The Court explained that to show causation in an HSAA claim, the plaintiff is only required to show a release or threatened release from a site and a causal connection between that release or threatened release and its response costs. The causation requirement is thus independent of a given defendant. The lack of a causal connection between a defendant's actions and the release or threatened release that caused the incurrence of response costs is instead an affirmative defense to an HSAA or CERCLA claim that the defendant must prove (at 306-307):

We agree with the District's first argument that the court erroneously required

[219 Cal.Rptr.3d 521]

it to show that each defendant caused the District's response costs. Instead, it is only required to show a release or threatened release from a site and a causal connection between that release or threatened release and its response costs. "[V]irtually every court that has considered this question has held that a CERCLA plaintiff need not establish a direct causal connection between the defendant's hazardous substances and the release or the plaintiff's incurrence of response costs." (United States v. Alcan Aluminum Corp. (3d Cir. 1992) 964 F.2d 252, 265 (Alcan Aluminum); see State of New York v. Shore Realty Corp. (2d Cir. 1985) 759 F.2d 1032, 1044 (Shore Realty).) "It is clear from the text, structure, and legislative history of [42 U.S.C. § 9607 ] that the provision does not require a plaintiff to show that a particular defendant caused either the release or the incurrence of response costs in order to prove liability." (Kalamazoo River Study Group v. Menasha Corp. (6th Cir. 2000) 228 F.3d 648, 655 (Kalamazoo River).)
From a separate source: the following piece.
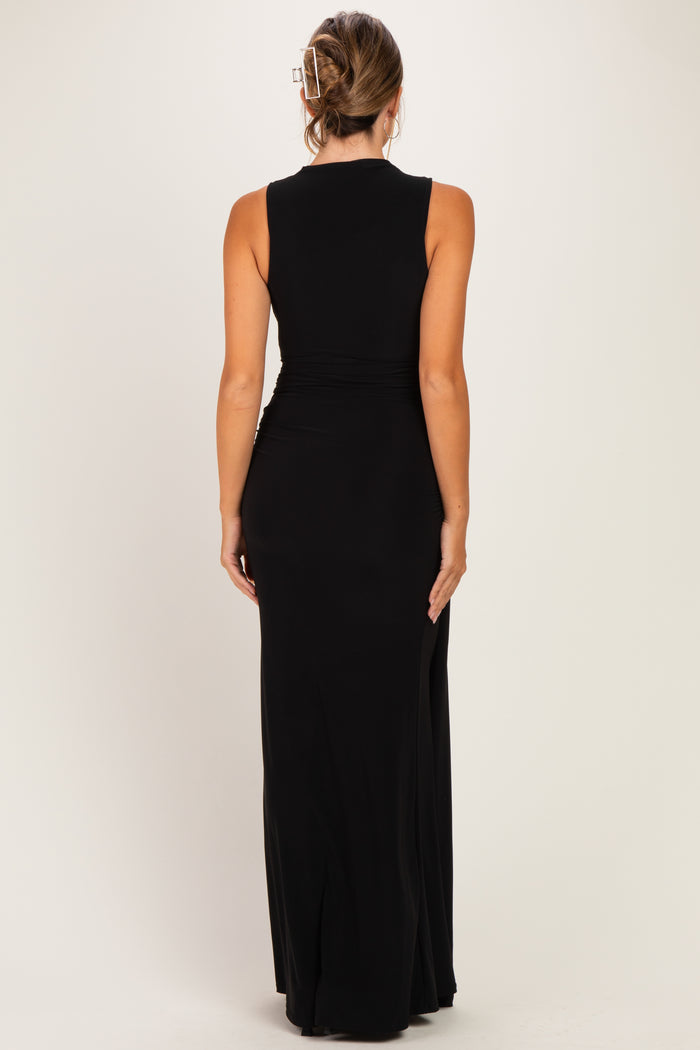 woman wearing a black sleeveless maternity maxi dress, shown from the back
The causation requirement under CERCLA and HSAA is therefore independent of a given defendant. (Kalamazoo River, supra, 228 F.3d at p. 655.) It focuses on whether there was a release or threatened release at the site or facility at issue, not whether the defendant caused the release or threatened release. For purposes of the third element, a plaintiff need prove only that a release or threatened release occurred at the site that caused the plaintiff to incur necessary response costs. (Carson Harbor I, supra, 270 F.3d at pp. 870-871.)
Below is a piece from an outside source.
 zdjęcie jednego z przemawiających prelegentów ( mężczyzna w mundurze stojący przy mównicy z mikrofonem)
Whether a given defendant is liable is governed by the fourth element. This element identifies several categories of potentially liable defendants (or, in CERCLA terminology, "potentially responsible parties"). These categories include persons who might otherwise not be considered liable under traditional tort theories, e.g., current owners and operators of a contaminated site. (See 42 U.S.C. § 9607(a)(1).) These categories are based on the defendant's relationship to the site, not the defendant's relationship to the release or threatened release that caused the incurrence of response costs. (See Alcan Aluminum, supra, 964 F.2d at p. 265 ["[T]he version [of CERCLA] ultimately passed by Congress...imposed liability upon a class of responsible

[12 Cal.App.5th 307]

persons without regard to whether the person specifically caused or contributed to the release and the resultant response costs."]; Asarco LLC v. NL Industries, Inc. (E.D.Mo. 2015) 106 F.Supp.3d 1015, 1031 (Asarco) ["Once the connection between the defendant and a hazardous waste site has been established (because the defendant fits into one of the four categories of responsible parties), ‘it is enough that response costs resulted from "a" release or threatened release—not necessarily the defendant's release or threatened release.’ "].)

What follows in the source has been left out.